People, Structures and Vehicles
A Passage from Luminous Airplanes, or Things As They Were: A Hyperromance
Here are a few things that occurred to me on the last night of the festival in Nevada, when I was walking around with Josh, Erin and Star, about an hour after we’d taken the synthetic mescaline derivative I mentioned a while back:
1. Only two kinds of thing are worth paying attention to:
(a) things that move, and
(b) things that are on fire.
2. People move but none of them are on fire.
3. Vehicles move and some of them are on fire.
4. Structures do not move but all of them are waiting to burn, except the ones which are actually burning.
These seemed like such useful insights that I shared them with my friends, excitedly, and they received them excitedly. We ran off to put them to the test, and almost immediately I tripped over a middle-aged woman in a purple fleece jacket who was lying on the ground.
“Hey,” she said, “you just walked into me!”
“Madam,” I said, “you are neither moving nor on fire, so you do not have my attention, and until you move, or catch fire, you shall not have it!”

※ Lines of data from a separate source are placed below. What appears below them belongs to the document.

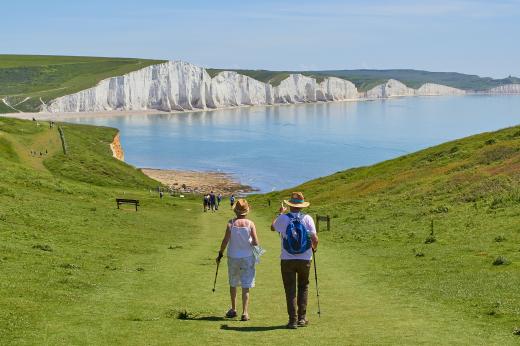 A couple hiking on the South Downs. The Seven sisters cliffs are in the background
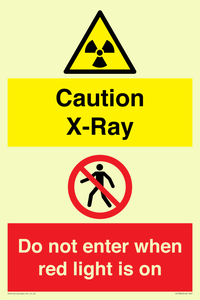 Caution X-Ray. Do not enter when red light is on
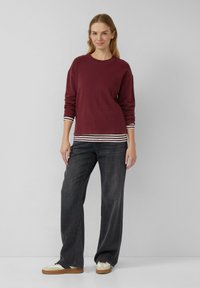 Vrouw staat in een casual outfit met een bordeauxrode trui over een gestreept shirt, wijde zwarte jeans en beige sneakers tegen een effen achtergrond.
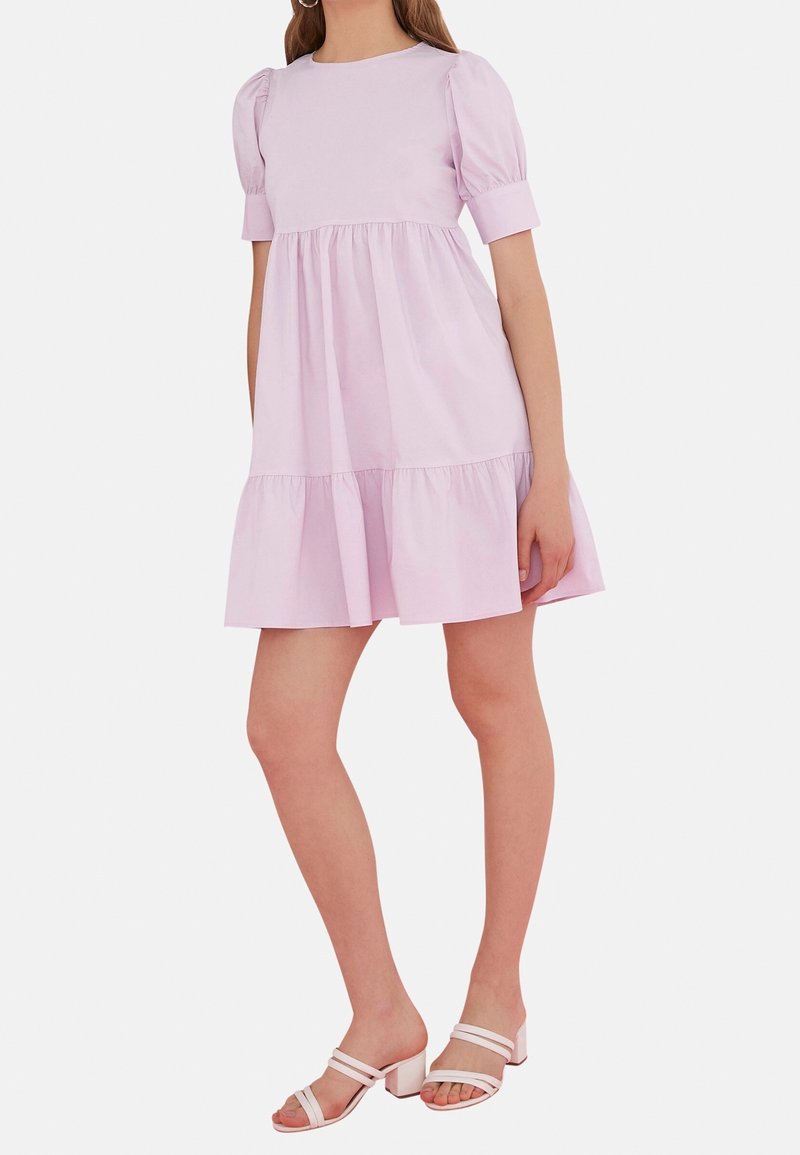 Femme portant une robe courte, violette clair, à manches bouffantes avec une jupe à volants et des sandales à talons blocs ouvertes blanches, se tenant contre un fond blanc.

She grunted, as if to say, ah, one of them, and went back to whatever she was doing on the ground.
Meanwhile, vehicles were passing us in all directions, and structures were burning. The Exosphere glowed on the horizon like a fiery moon; fire rose from the minarets of the Temple of Memory. We ran from one burning structure to the next, coughing, wildly interested, confident that we had finally understood the world.
When I was at the festival in Nevada, these seemed like very San Francisco revelations, I mean, they seemed like the kind of thing someone who had been living for a while in San Francisco and who was no stranger to hallucinogenic drugs might think of. I felt like I’d understood the world, sure, but the implicit scope of my understanding was: the world of the festival in the Nevada desert. It was only later, when I watched the Twin Towers burn from my window on Fifty-fourth Street, that I wondered if the mescaline had somehow sent my mind forward to axioms which would be true later on… but no, that’s ridiculous. At most what I can maybe say is that even my hallucinations no longer seem innocent. Like everything else from that time they now seem like a migraine’s aura—the weird shimmer that presages pain to come.